Übrigens …

The Rape of Lucretia im Bielefeld, Stadttheater

Genau gelesen, stringent gedeutet

Beim Premieren-Curtain-Call wird geküsst. Alle freuen sich. Die Regisseurin Andrea Schwalbach und die Dirigentin Elisa Gogou lassen es sich nicht nehmen, jeden der acht Sänger einzeln in den Arm zu nehmen. Und, da Brittens Oper nur zwölf Musiker vorsieht, dürfen die sich auch mal solo verbeugen. Und sie genießen es. Die meisten jedenfalls.

Die Freude ist absolut nachvollziehbar. Regisseurin, Ausstatterin, Dirigentin, Sängern und Musikern ist es gemeinsam gelungen, Brittens schwieriges, so sprödes wie unerfreuliches Stück, auf beeindruckende Weise zu beleben.

Auf der Bielefelder Bühne ereignet sich keine linear erzählte Katastrophe, sondern die analytische Aufdeckung eines bestialischen Verbrechens. Male and Female Chorus, bei Britten die Geschlechterrollen reflektierenden und ausagierenden Erzähler und Kommentatoren, werden hier unmittelbar Teil des Spiels, ja deren Zentrum. Sie sind Ermittlungsbeamte, Staatsanwälte oder Untersuchungsrichter, die die Vergewaltigung der Lucretia durch den Wüstling Tarquinius aufzuklären haben. Sie versuchen die Vorgänge nachzustellen, die zu dem Verbrechen geführt haben, aber das geht grausam schief. Lucretia hält das erneute Durchleben der Katastrophe nicht aus und bringt sich um.
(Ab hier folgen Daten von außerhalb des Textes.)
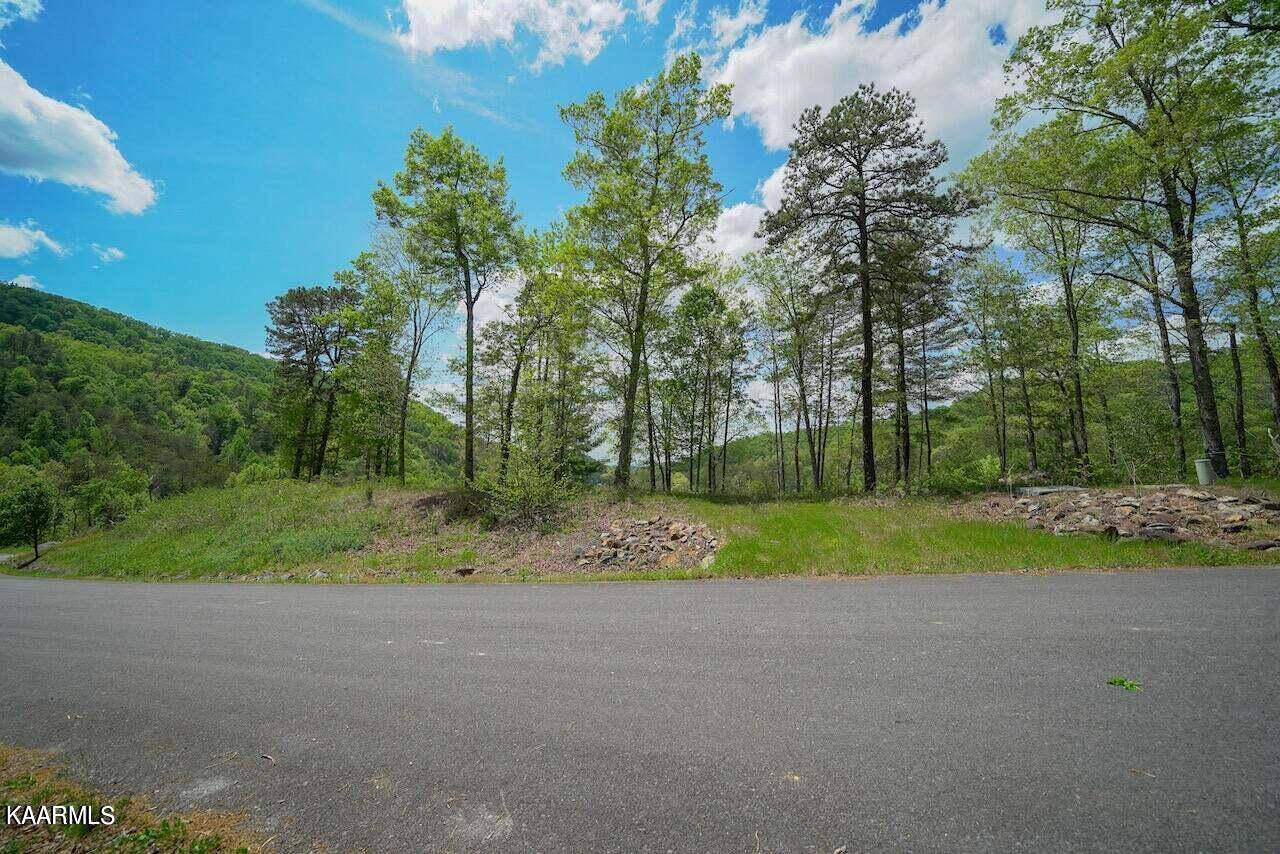 Sevierville, TN 37876,Lot 1 & 2 Mountain Ash Way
Die Umkehrung der dramatischen Form funktioniert blendend, inklusive der vielleicht feministisch motivierten Umdeutung, dass Lucretias Gatte Collatinus mittelbar am Selbstmord seiner ihn liebenden Frau beteiligt ist. Er weiß, dass ihr Tod Signalwirkung haben wird, dass er die Chance eröffnet, sich der Herrschaft der gehassten Tarquinier zu entledigen. So wird Lucretias persönliche Tragödie zum Mittel zum Zweck.

Ins Zentrum ihrer Erzählung stellt Andrea Schwalbach die Ermittlungsbeamten. Besonders Melanie Kreuter als Female Chorus wird durch die Vorgänge einer persönlichen Krise ausgesetzt. Ihr Ringen um Haltung ist das Zentrum der Aufführung. Da geht es um Wertesysteme und Konventionen, um das Verhältnis von Recht und Macht und um Gewalt als politisches Mittel. Das wirkt alles altmodisch, aber gleichzeitig schmerzlich relevant. Es erzwingt die Auseinandersetzung.
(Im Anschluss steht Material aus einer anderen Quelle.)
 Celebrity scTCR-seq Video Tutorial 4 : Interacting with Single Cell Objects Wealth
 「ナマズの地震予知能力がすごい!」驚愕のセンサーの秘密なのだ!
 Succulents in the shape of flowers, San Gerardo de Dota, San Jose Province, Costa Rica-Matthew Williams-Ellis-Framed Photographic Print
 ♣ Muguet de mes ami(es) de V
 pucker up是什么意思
Die Intensität dieses außergewöhnlichen Abends wird durch das fantastische Sängerensemble befördert. Alle Solisten sind ihren Rollen nicht nur gewachsen, sondern gestalten spannende Charaktere, teilweise auf herausragendem Niveau. Das gilt für Nohad Becker und die mit einer sehr schönen Stimme begabte Cornelie Isenbürger als Lucretias Dienerinnen wie für Caio Monteiro als jugendfrischer Polit-Intrigant Junius. Moon Soo Park hat einer der schönsten Bassstimmen in NRW und ist ein intensiver, nicht sehr sympathischer Collatinus. Dagegen erkämpft Frank Dolphin Wong dem Wüstling Tarquinius durch zu seinem frischen, kräftigen Bariton passendes Auftreten einen Rest Menschlichkeit. Melanie Forgeron ist eine versammelte, sehr konzentrierte Lucretia mit in der Tiefe fast gläsernem Alt, der tief in ihre stolze, verletzliche Seele blicken lässt. Als Male Chorus überzeugt Daniel Pataky mit schlankem, musikalisch geführten Tenor, auch wenn er nicht Melanie Kreuters szenische und artikulatorische Prägnanz erreicht.

Elisa Gogous Dirigat ist eine Art Unterströmung der Inszenierung. Sie dirigiert wissende, zielbewusste Musik. Die sinnlichen Aufschwünge der großen Ensembles im zweiten Teil, die sanften Einwürfe von Geige und Flöte, bieten keine idyllischen Ruhemomente, sondern sind hörbar in die große Linie eingebunden und funktionieren so wie ironische Kommentare.

Ein selten stringenter, selten vielstimmiger Opernabend.